Material for this exercise: Begin

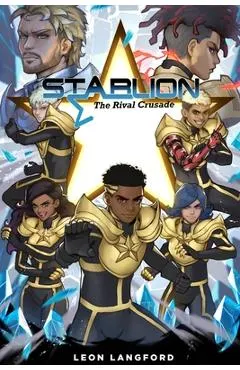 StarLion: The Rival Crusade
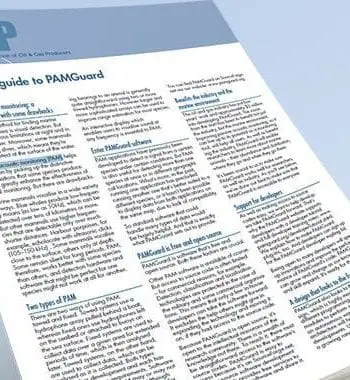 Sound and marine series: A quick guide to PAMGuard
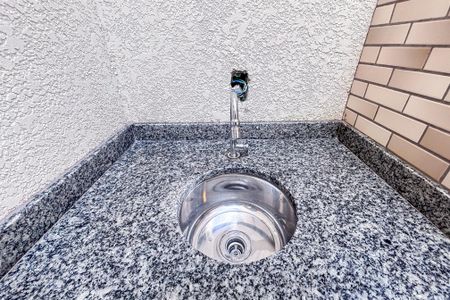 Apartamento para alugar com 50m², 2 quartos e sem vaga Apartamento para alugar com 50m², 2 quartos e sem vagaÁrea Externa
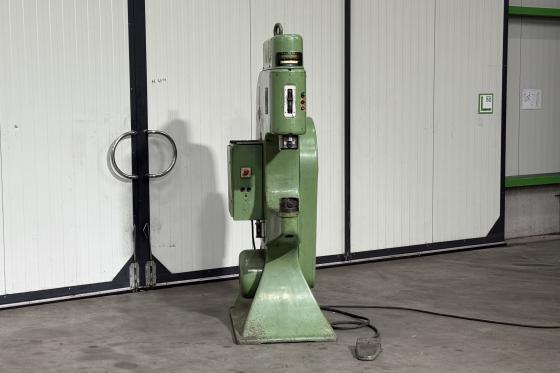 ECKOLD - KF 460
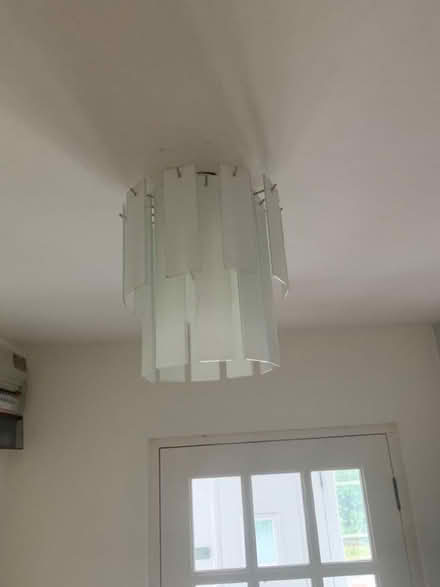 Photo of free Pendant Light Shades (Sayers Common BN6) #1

Material for this exercise: End

Pictures excluded, output exactly the line that contains "sem vagaÁrea Externa" and every line after it to the end of the data above.

 Apartamento para alugar com 50m², 2 quartos e sem vaga Apartamento para alugar com 50m², 2 quartos e sem vagaÁrea Externa
 ECKOLD - KF 460
 Photo of free Pendant Light Shades (Sayers Common BN6) #1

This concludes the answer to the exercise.